*** Opening of Extracted information ***
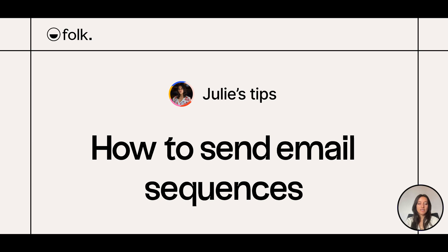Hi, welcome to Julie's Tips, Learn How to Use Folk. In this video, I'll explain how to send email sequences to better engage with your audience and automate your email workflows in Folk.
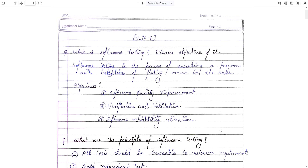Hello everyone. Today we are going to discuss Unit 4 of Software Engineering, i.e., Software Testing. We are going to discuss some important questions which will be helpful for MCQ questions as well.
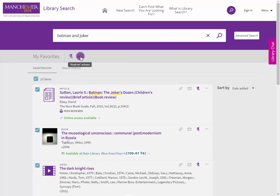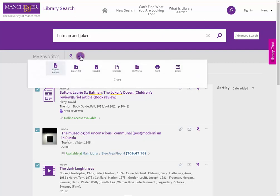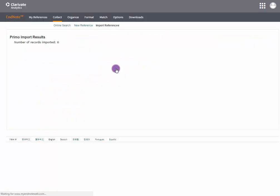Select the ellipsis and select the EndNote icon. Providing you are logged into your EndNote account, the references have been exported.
*** Close of Extracted information ***
*** Opening of Extracted information ***
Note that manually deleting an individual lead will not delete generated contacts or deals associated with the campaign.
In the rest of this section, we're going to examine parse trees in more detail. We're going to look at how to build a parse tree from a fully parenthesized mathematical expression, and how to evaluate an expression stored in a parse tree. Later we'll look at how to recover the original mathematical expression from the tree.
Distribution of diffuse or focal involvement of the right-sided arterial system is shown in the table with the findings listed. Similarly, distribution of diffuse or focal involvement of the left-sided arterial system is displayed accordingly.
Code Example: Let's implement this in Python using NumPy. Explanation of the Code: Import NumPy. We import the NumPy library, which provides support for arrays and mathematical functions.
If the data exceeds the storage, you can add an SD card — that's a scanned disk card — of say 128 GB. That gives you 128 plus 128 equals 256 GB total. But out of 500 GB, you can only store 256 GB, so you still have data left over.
*** Close of Extracted information ***
Assignment
Print exactly the lines above that run from the one with "Hi, welcome to" to the one with "Hello everyone. Today", both included. No pictures.

Task response
Hi, welcome to Julie's Tips, Learn How to Use Folk. In this video, I'll explain how to send email sequences to better engage with your audience and automate your email workflows in Folk.
Hello everyone. Today we are going to discuss Unit 4 of Software Engineering, i.e., Software Testing. We are going to discuss some important questions which will be helpful for MCQ questions as well.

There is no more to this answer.